Continua da pagina 21 LONDRA
Il prezzo – include anche i milioni necessari per sanare il fondo pensione interno del gruppo - è inferiore al miliardo di sterline indicato da giorni come valore possibile. «Saremmo stati - precisa Aspesi - di fronte a un multiplo sorprendente». In realtà il calcolo non è troppo lontano perché Pearson si tiene alcuni gioielli legati alla testata economico-finanziaria: il palazzo di Southwark sulle rive del Tamigi davanti alla City e il 50% dell’Economist group. Una quota importante, ma che non ha mai garantito a Pearson la gestione del settimanale di Saint James, controllato da famiglie celebri di Gran Bretagna e del resto d’Europa, Agnelli inclusi. Passa a Nikkei, invece, Vedomosti, il quotidiano russo partecipato da Ft e le altre testate del gruppo, da The Banker a Investors.

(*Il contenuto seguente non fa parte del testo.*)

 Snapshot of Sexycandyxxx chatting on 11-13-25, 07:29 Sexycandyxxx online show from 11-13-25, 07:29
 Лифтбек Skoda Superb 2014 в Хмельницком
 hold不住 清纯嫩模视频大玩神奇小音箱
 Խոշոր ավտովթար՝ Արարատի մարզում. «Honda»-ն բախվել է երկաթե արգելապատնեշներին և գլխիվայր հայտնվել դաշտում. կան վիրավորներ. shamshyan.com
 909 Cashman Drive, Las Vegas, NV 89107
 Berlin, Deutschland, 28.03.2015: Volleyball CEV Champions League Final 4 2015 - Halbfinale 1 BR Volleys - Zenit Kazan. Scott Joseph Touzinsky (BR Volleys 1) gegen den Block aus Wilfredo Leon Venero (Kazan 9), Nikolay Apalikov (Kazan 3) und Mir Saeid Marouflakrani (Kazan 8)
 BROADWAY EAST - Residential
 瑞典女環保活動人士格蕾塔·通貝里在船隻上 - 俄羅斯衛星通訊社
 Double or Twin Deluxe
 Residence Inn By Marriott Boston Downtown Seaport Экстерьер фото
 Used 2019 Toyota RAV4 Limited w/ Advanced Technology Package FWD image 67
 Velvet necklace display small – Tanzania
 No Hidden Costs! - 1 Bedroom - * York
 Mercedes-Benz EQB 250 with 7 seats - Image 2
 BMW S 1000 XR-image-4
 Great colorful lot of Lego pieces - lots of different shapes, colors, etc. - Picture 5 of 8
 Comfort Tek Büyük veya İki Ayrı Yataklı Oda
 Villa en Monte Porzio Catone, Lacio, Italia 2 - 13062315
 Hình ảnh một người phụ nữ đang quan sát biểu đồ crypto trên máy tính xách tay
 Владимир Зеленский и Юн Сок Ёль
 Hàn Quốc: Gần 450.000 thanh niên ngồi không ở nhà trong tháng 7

«Pearson – ha commentato il ceo John Fallon – è stato orgoglioso proprietario di Ft per 60 anni, ma siamo arrivati a un punto critico prodotto dall’esplosiva crescita di mobile e social media. In questo contesto il modo migliore per garantire a Ft successo giornalistico e commerciale è inserirlo in una dei più prestigiosi gruppi media globali. Person è focalizzato sull’area educational, Ft sul giornalismo. Questo accordo consente a tutti di sviluppare al meglio il proprio potenziale».
Nikkei non era l’unico pretendente nonostante il pudore di John Fallon attento a non svelare i dettagli di quella che a tanti è sembrata un’asta ben calibrata in almeno un anno di discussioni che hanno coinvolto oltre a John Fallon, il ceo di Ft John Ridding e al direttore del quotidiano, Lionel Barber. La selezione è durata a lungo e i nomi più frequenti sono stati quelli di Bloomberg, Thomson Reuters, ci sarebbe stata qualche avance di NewsCorp ma soprattutto l’interesse dei tedeschi di Axel Springer che pubblicano la popolare Bild, ma anche il pretigioso Die Welt. E proprio quando Springer sembrava essersi guadagnato la testata della City, dalla Germania è giunta una secca smentita. Il silenzio che ne è seguito è stato subito riempito dalla sorpresa per la mossa di Nikkei.
Sorpresa, ma anche sollievo. Un passaggio a Bloomberg – considerato da sempre il pretendente naturale – è da sempre visto con sospetto e scetticismo,un’improbabile acquisizione da parte di Murdoch, molto, molto peggio. Ma anche Springer poteva creare resistenze. Nikkei ha, in teoria, il physique del padrone meno invadente fra tutti i papabili, mosso da un obiettivo che John Fallon ha reso esplicito nel conferenza stampa di ieri replicando a chi indicava l’alto prezzo pagato per il trofeo della City. «Nikkei – ha detto - vede l’Asia e gli Stati Uniti come il mercato naturale, quello di maggior sviluppo per il Financial Times e considera questa operazione un investimento di lungo periodo». Ora resta da vedere che cosa Pearson farà della quota nell’Economist e di quella nella casa editrice Penguin, business che non gestisce e che sono fuori dal focus educational che John Fallon considera l’unico core business.
La Borsa lo ha ieri premiato con un balzo del 2% del titolo, ma oggi, quando il gruppo britannico darà i risultati del trimestre, si chiarirà una strategia che deve fare i conti con un’improvvisa iniezione di liquidità. Milioni, tanti, in cambio di un pezzo di gloriosa storia dell’editoria britannica.